* WHAT IS NEEDED:
In full and exactly, please return the records, but keep out the pictures.

━━━ DATA SUPPLIED

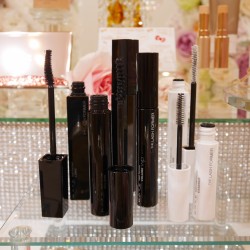 マスカラするたびカールがクセづくKATEの「進化系マスカラ」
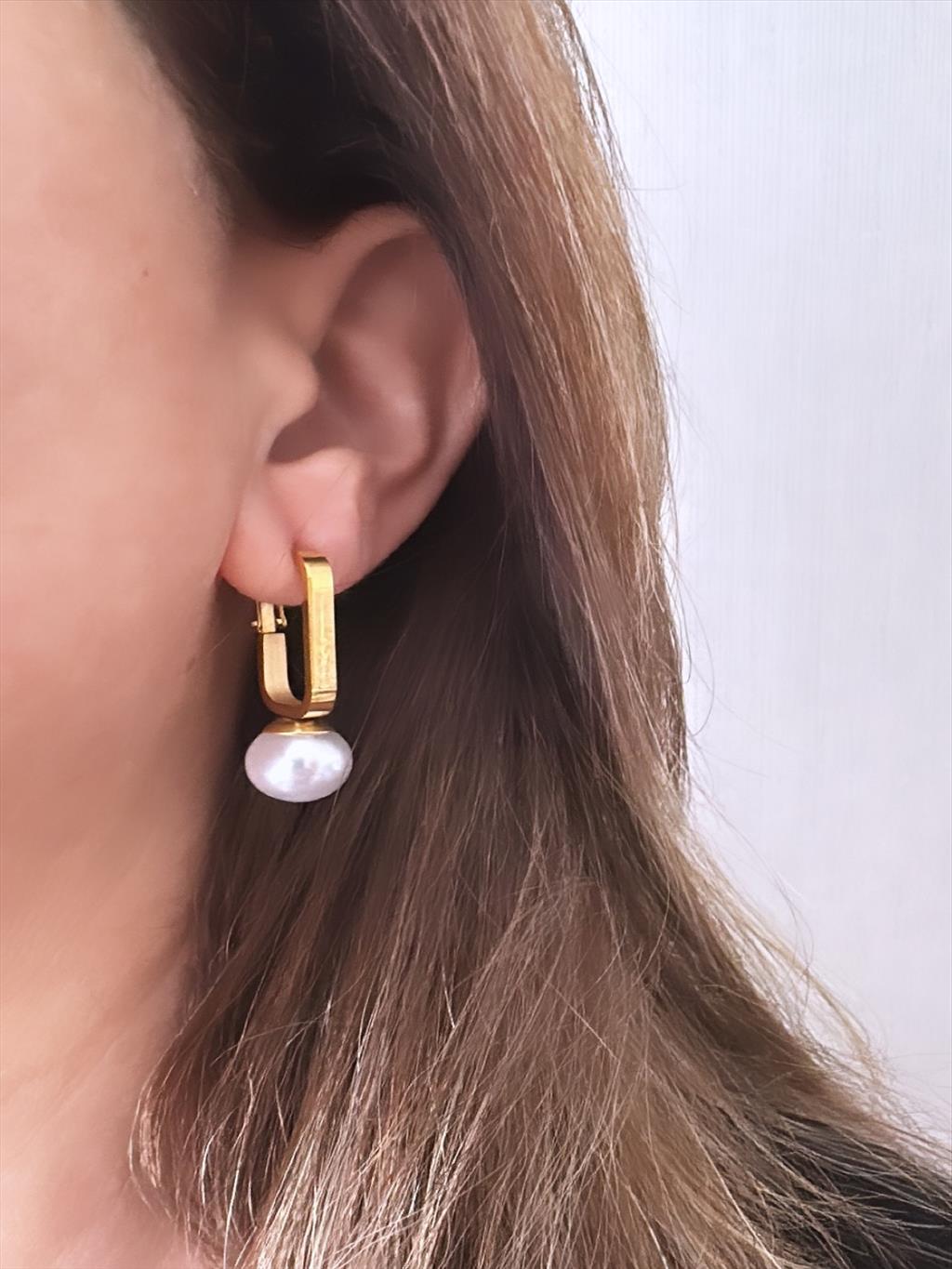 ÇELİK Beyaz Top İnci Sallantılı Gold Küpe+i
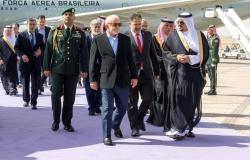 الرئيس البرازيلي يصل الرياض في زيارة رسمية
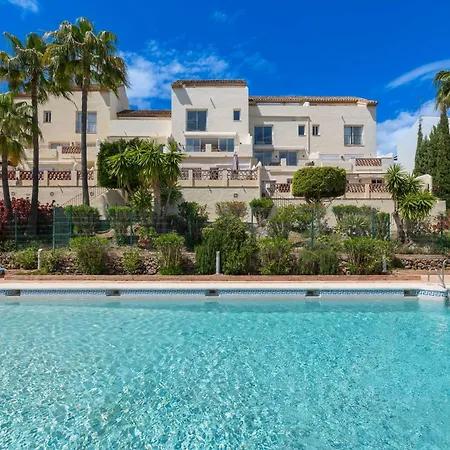 Daire Cozy 3 Bdrm Sunny Townhouse W Bbq And Pool Marbella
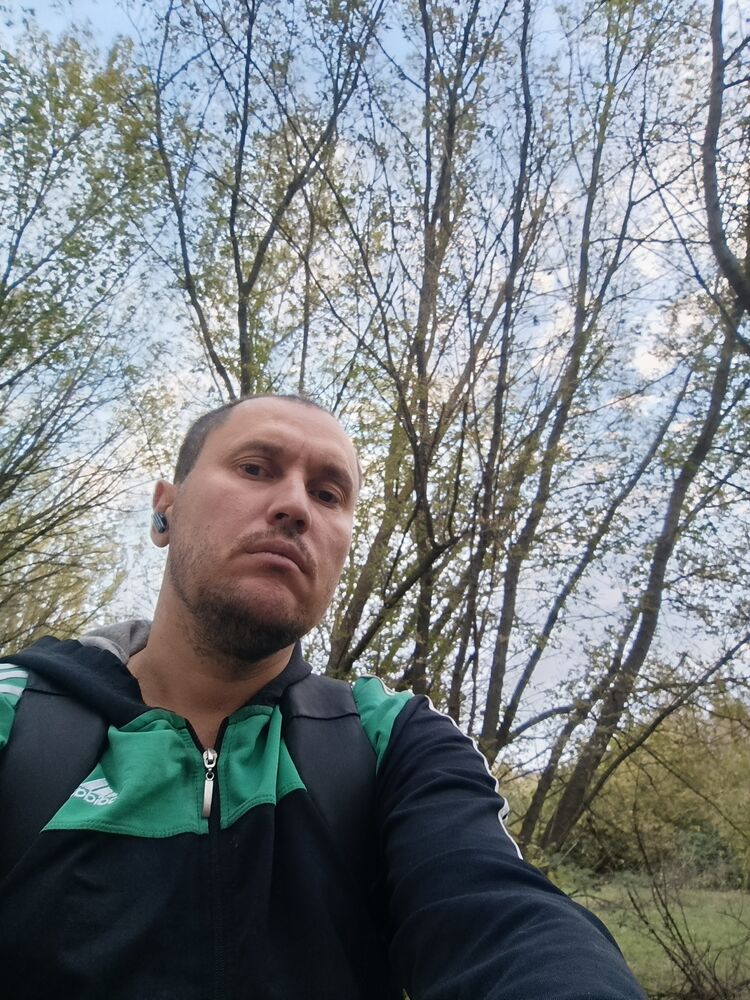  54200051  Dmitry, 40 ,    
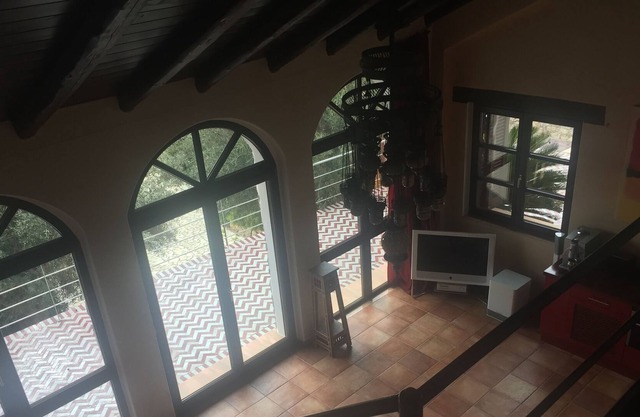 Villa de piedra natural Roxanie, piscina de 100 m², vista al mar en la playa de Anidri,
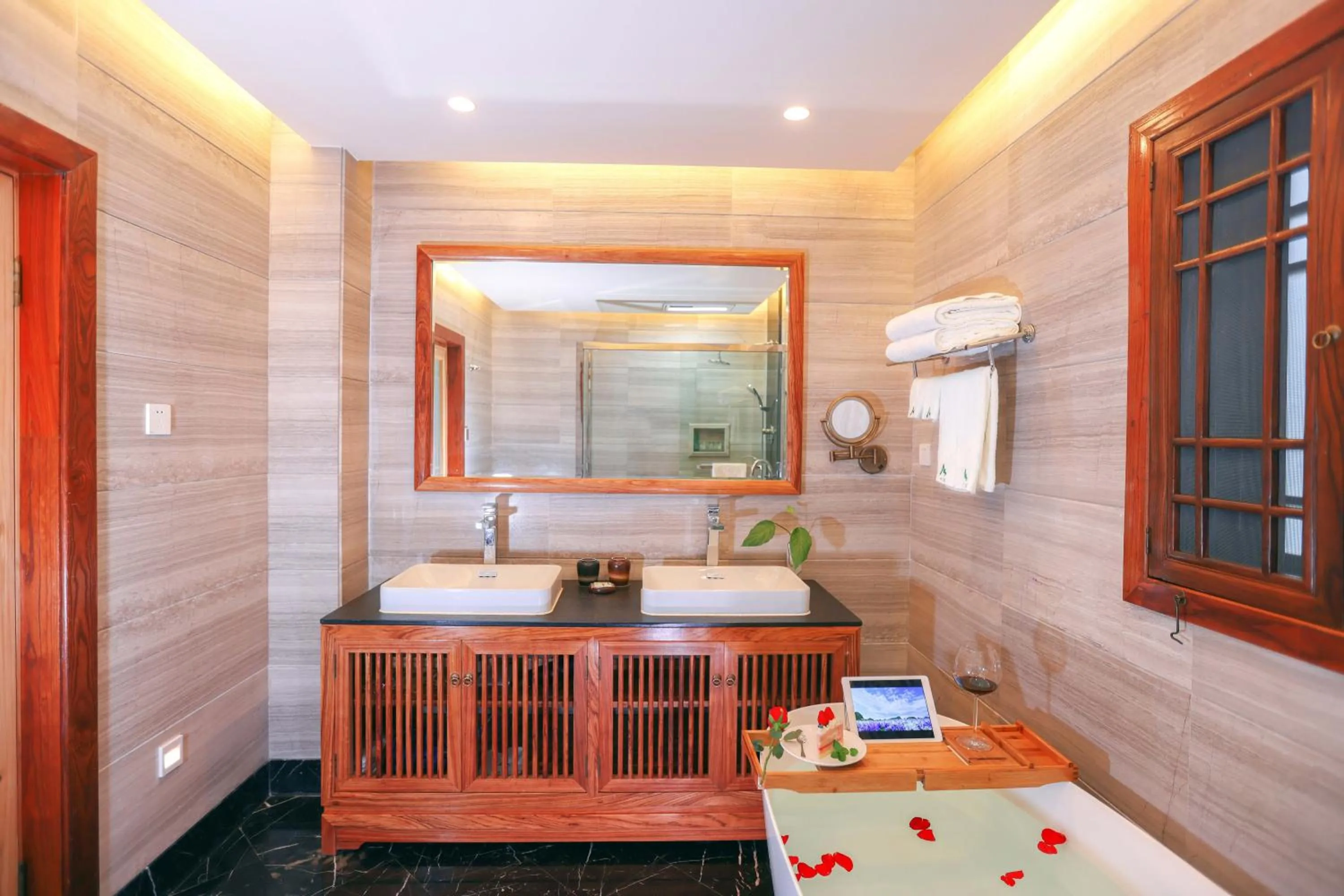 Bathroom in Yangshuo Tea Cozy--one way Free pick up from airport or TS 4 nights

━━━━━━

* ANSWER SECTION:
 マスカラするたびカールがクセづくKATEの「進化系マスカラ」
 ÇELİK Beyaz Top İnci Sallantılı Gold Küpe+i
 الرئيس البرازيلي يصل الرياض في زيارة رسمية
 Daire Cozy 3 Bdrm Sunny Townhouse W Bbq And Pool Marbella
  54200051  Dmitry, 40 ,    
 Villa de piedra natural Roxanie, piscina de 100 m², vista al mar en la playa de Anidri,
 Bathroom in Yangshuo Tea Cozy--one way Free pick up from airport or TS 4 nights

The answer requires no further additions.